Like many great ideas, it is subject to real world parameters such as cost. Would the average driver agree to pay for such as service? Could it even be built and sustained over time? The answer may lie in treating vehicles less like assets for transportation and more like devices with services. Perhaps in the future, drivers will subscribe to their vehicles, complete with services in a similar fashion to how we source media and telecommunications. While rethinking vehicles as a subscription to a system of services may seem like science fiction’s answer to automotive innovation, it’s entirely possible. The industry, as a whole, just needs to think about the automotive experience differently by thinking about it collectively, rather than individually.
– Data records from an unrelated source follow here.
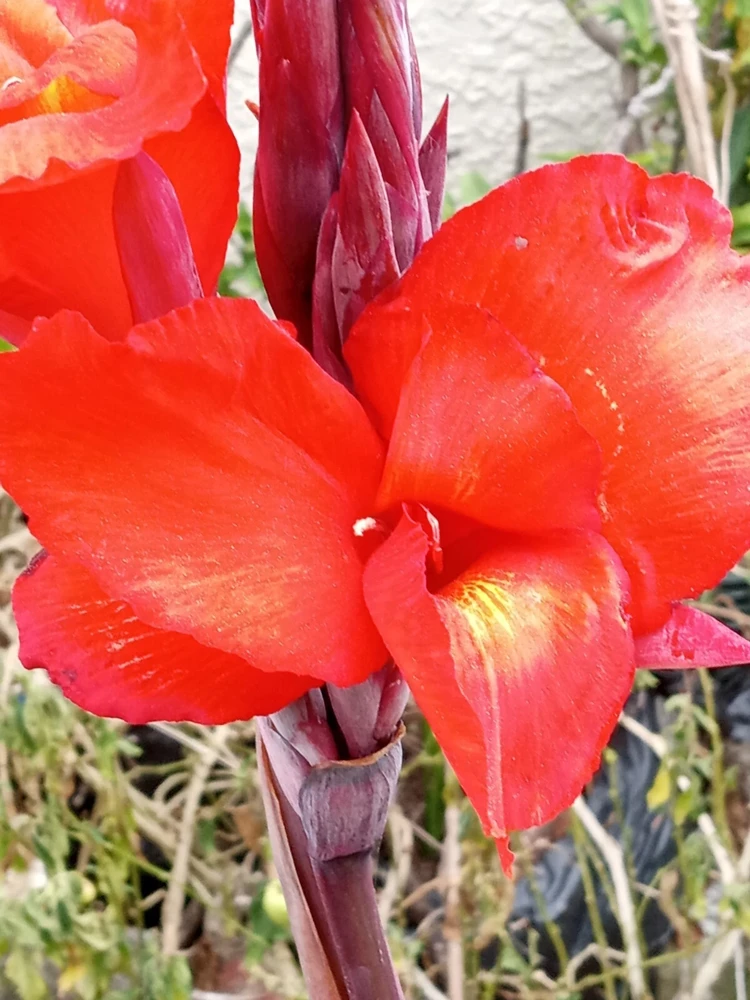 Red Canna Lily Live Plant - Rooted Starter, Large Green Leaf, Outdoor Perennial - Image 2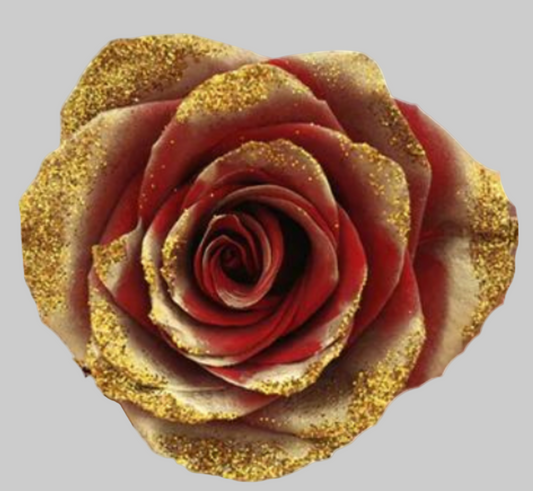 Santa’s Glitter Tinted Rose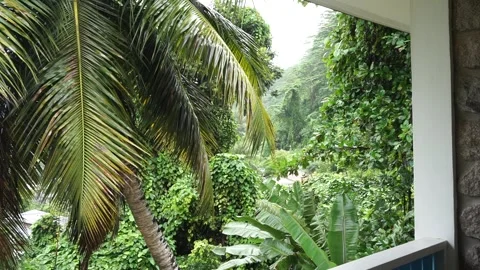 Seychelles Jungle Balcony Vidéo 196487138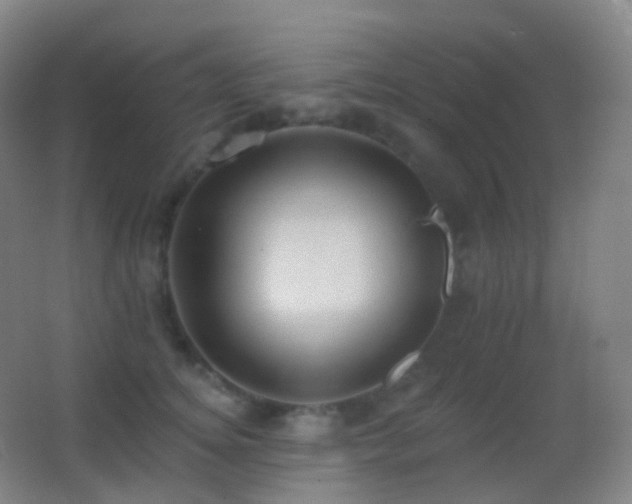 X0000062890756200601131334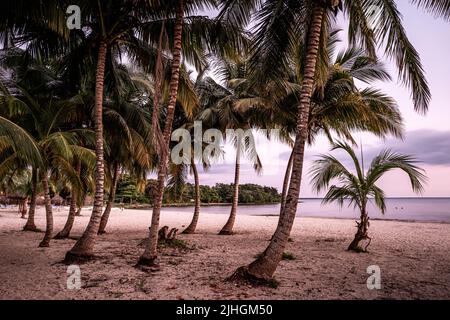 Playa Larga, Matanzas, Cuba, Nordamerika Stockfoto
If you are an automotive fan, and interested in autonomous driving, then several movies and TV shows probably come to mind. In the late 60s and 70s, Herbie, a Volkswagen Beetle, entertained us with his ability to understand the driver and people around him. In the 80’s, a talking Pontiac Firebird Trans Am called KITT captured our imagination by being interactive, self-driving and protective. In each case, the vehicle represented not only takes commands from a person, it can understand them at some level. These vehicles are anthropomorphic. This is a new frontier for automotive innovation. The ability for a vehicle to understand something pertinent about the driver is incredibly valuable.
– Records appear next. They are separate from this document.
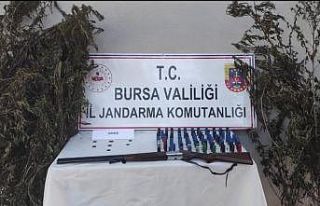 Bursa’da kenevir tarlasına jandarma baskını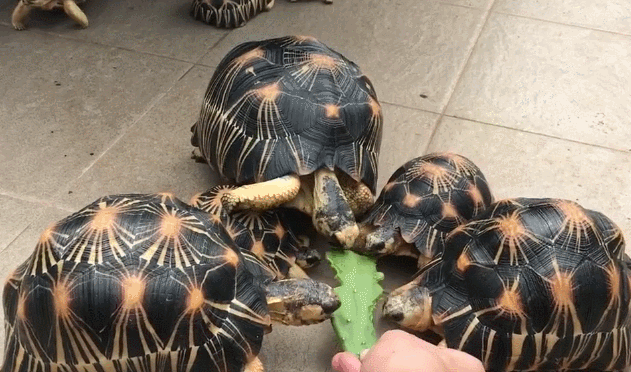 主人拿出一块仙人掌乌龟们沸腾跑得比兔子还快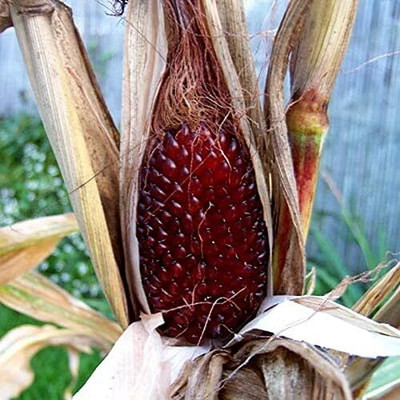 Qualtivate XL-752 Strawberry Corn Seeds Seed(500 per packet)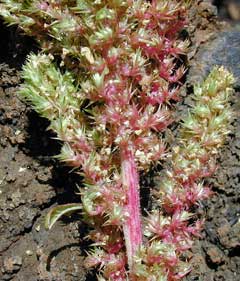 Amaranthus hybridus Rough Pigweed,  Slim amaranth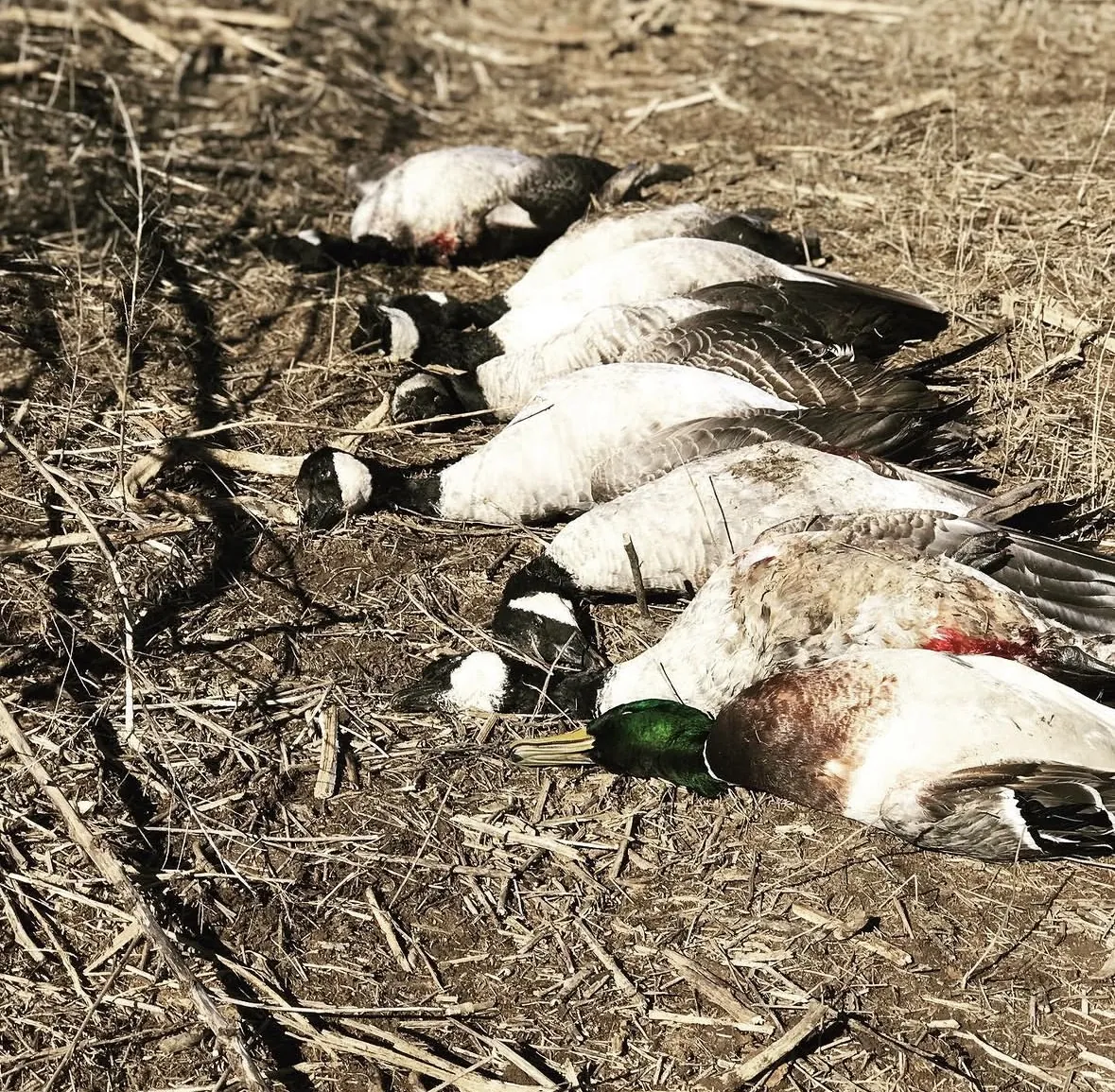 A sunlit row of Canada geese with a drake mallard at the head, laid out on stubble ground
In the gaming industry, the use of sensors to understand players is growing in popularity. These sensors can not only translate our movements into commands for controlling games, but can report emotional responses such as an increase in heart rate, body temperature and even agitation or excitement. When applied in an automotive context and combined with the system approach, sensors can provide valuable insights. For instance, if a driver is excessively distracted, or perhaps fatigued, the vehicle can respond accordingly to ensure safety is maintained. If the driver is demonstrating fear or concern caused by narrow mountain roads the vehicle can provide reassuring additional visual aids to assist driving.
While safety is the first and most important aspect of driving, there is also room for making it enjoyable and entertaining. Rather than sensors being used to uncover unsafe or risky conditions, they can be used to enhance the experience. They could aid in averting boredom with entertainment, identify the need for a more scenic route to entice the senses, or trigger the display of interesting statistics about vehicle dynamics to appeal to the enthusiast.
The possibilities are exciting and importantly, are not out of reach or even too futuristic, because we can find examples of how existing technologies are being applied or developed in other industries. The newest generation was born into a largely digital world. Their first photograph was digital and shared via social media to a community. Their first experience in a car however was established a decade before they were born. It should therefore be no surprise that the newest generation will demand a digitally connected vehicle because anything else simply won’t match their lifestyle or expectation. If innovation truly is the match between a problem and a solution, then innovation is within reach and it exists within a system.